Melissa Harris-Perry: Last September, we buried my godmother after a long battle with Alzheimer's and dementia. I will be very clear, my big brother, for whom my godmother was his biological mother, my big brother has spent a lot of his adult life in and out of jail and prison. I had no expectation of seeing him there on the day of her funeral, but my sisters and I were there at the graveside, and we looked up, and then our big brother was there. He was there to bury his mother, which is something we expect to do in our lifetimes. Even if it's sad, we expect to bury our parents.
It meant something to all of us, even with the ruptures in our relationships as siblings that has occurred as a result of the imprisonments. We don't expect to ever bury our children. I honestly can't fathom not being able to be there in that moment. Should we be thinking of this as a broader policy issue, providing for these kinds of human experiences, even in the context of prison and punishment?
Attica Scott: We absolutely should, Melissa. I'm so sorry for you and your family's loss. It's a story that you and I share, my brother and my father both have spent time in prison, they have both been incarcerated. I cannot imagine what it would have been like for my brother if we were in a similar situation as your family, or my father, whose mother died this past December, if we were in a similar situation as your family. We must absolutely address policies that continue to keep families separated and torn apart, even when they are grieving, even when they are nationally grieving.

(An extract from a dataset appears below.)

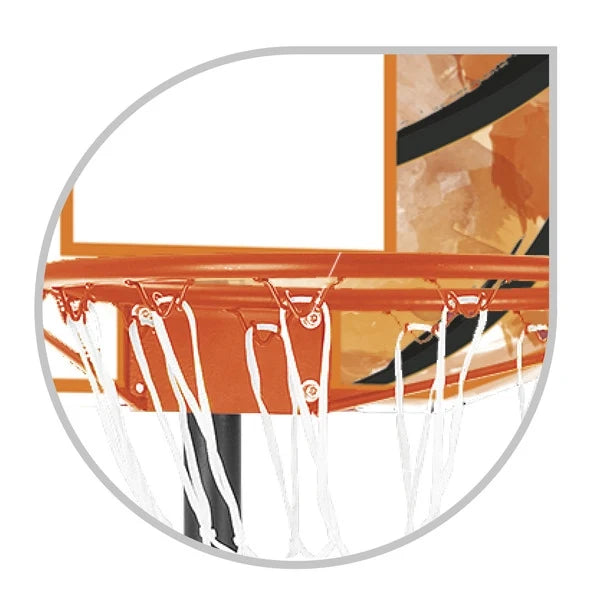 Basketball hoop rim with white net and orange metal frame
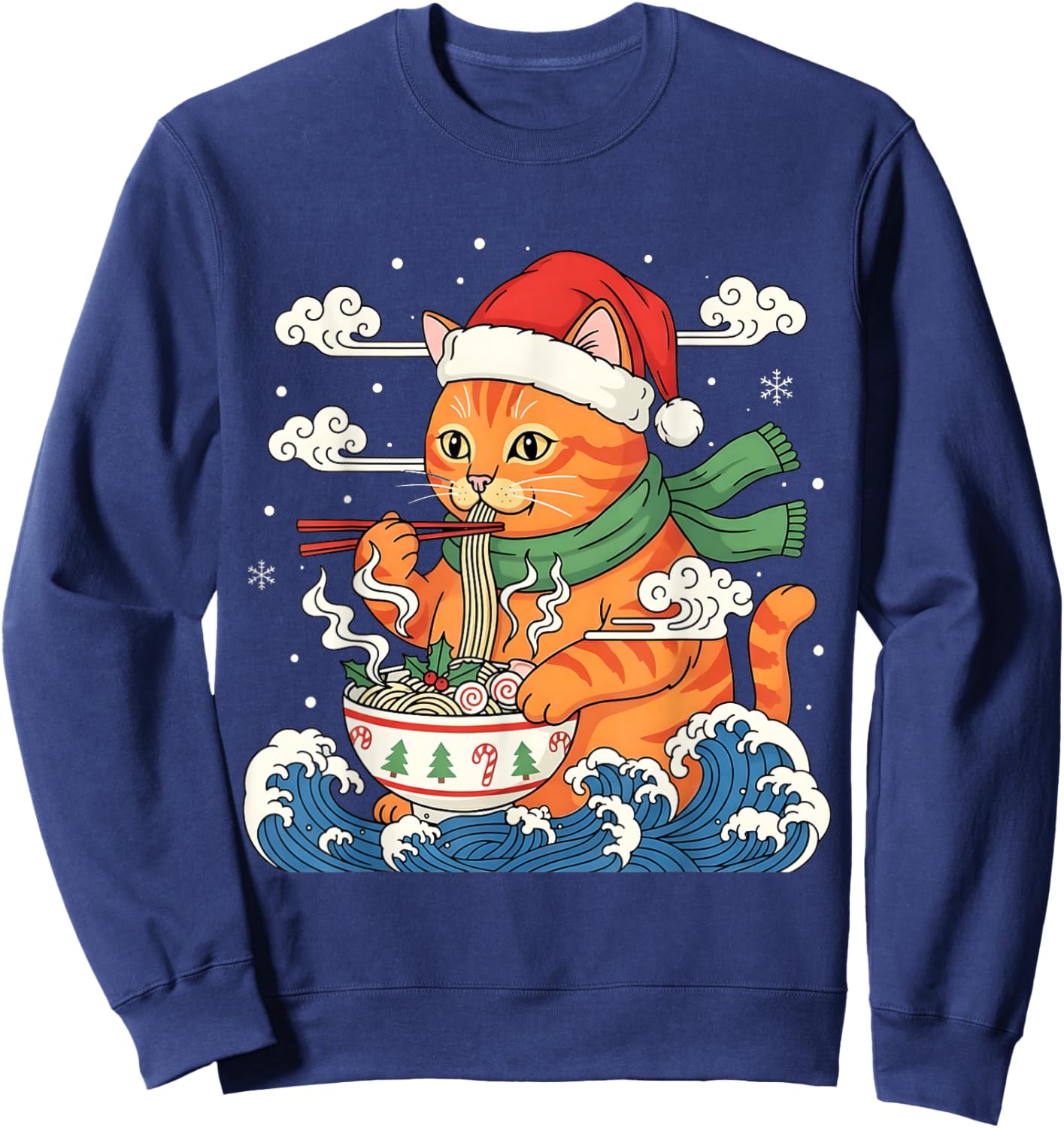 Funny Christmas Ramen Cat Eating Noodles Japanese Kawaii Cat Sweatshirt - Sweatshirt | Navy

I really want people to hone in on this, Melissa, that your family was grieving and it was deeply personal, and the families in Uvalde are grieving and it was highly public, highly public nationally, and globally. It just seems to me as if we as a society may have lost a way that we were moving towards. Out of some sense of naivety, I suppose, I thought that we were beginning to move in a more compassionate and caring direction, and I'm often reminded Melissa, sadly, that we are not.
Melissa Harris-Perry: Kentucky State Representative, Attica Scott, thank you for joining us today on The Takeaway.
Attica Scott: Thank you, Melissa.
Melissa Harris-Perry: We reached out to McCreary US Penitentiary for comment on the denial of a compassionate release for Eli Torres. We did not hear back from them.